Caption-style text data
______
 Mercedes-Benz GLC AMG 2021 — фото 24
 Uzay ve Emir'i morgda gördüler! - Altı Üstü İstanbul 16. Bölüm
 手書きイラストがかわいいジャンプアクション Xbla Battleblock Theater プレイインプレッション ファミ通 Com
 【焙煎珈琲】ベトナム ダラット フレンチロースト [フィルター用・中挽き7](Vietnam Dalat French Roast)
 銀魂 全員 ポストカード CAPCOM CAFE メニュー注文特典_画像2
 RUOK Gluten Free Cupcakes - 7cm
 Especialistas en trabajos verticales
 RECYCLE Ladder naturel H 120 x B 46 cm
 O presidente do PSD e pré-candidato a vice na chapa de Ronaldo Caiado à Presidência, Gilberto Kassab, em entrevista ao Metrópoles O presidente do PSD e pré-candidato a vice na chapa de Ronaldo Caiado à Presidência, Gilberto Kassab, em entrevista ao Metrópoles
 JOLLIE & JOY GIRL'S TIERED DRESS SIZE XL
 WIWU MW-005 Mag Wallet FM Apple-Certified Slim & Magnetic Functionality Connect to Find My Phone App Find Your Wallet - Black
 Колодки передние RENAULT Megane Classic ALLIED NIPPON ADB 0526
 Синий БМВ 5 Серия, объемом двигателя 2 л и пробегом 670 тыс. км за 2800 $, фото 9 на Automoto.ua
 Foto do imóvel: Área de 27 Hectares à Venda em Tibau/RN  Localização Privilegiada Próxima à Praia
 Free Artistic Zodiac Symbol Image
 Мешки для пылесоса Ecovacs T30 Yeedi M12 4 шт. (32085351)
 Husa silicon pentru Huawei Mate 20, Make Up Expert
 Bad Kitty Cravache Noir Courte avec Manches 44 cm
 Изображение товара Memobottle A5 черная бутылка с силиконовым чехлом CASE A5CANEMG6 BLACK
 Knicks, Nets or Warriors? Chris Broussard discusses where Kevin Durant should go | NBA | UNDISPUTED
______
» **Problem**
Write out, please, only the lines from the one with "Especialistas en trabajos verticales" through the last line above, both included and unchanged.

» **Written answer**
 Especialistas en trabajos verticales
 RECYCLE Ladder naturel H 120 x B 46 cm
 O presidente do PSD e pré-candidato a vice na chapa de Ronaldo Caiado à Presidência, Gilberto Kassab, em entrevista ao Metrópoles O presidente do PSD e pré-candidato a vice na chapa de Ronaldo Caiado à Presidência, Gilberto Kassab, em entrevista ao Metrópoles
 JOLLIE & JOY GIRL'S TIERED DRESS SIZE XL
 WIWU MW-005 Mag Wallet FM Apple-Certified Slim & Magnetic Functionality Connect to Find My Phone App Find Your Wallet - Black
 Колодки передние RENAULT Megane Classic ALLIED NIPPON ADB 0526
 Синий БМВ 5 Серия, объемом двигателя 2 л и пробегом 670 тыс. км за 2800 $, фото 9 на Automoto.ua
 Foto do imóvel: Área de 27 Hectares à Venda em Tibau/RN  Localização Privilegiada Próxima à Praia
 Free Artistic Zodiac Symbol Image
 Мешки для пылесоса Ecovacs T30 Yeedi M12 4 шт. (32085351)
 Husa silicon pentru Huawei Mate 20, Make Up Expert
 Bad Kitty Cravache Noir Courte avec Manches 44 cm
 Изображение товара Memobottle A5 черная бутылка с силиконовым чехлом CASE A5CANEMG6 BLACK
 Knicks, Nets or Warriors? Chris Broussard discusses where Kevin Durant should go | NBA | UNDISPUTED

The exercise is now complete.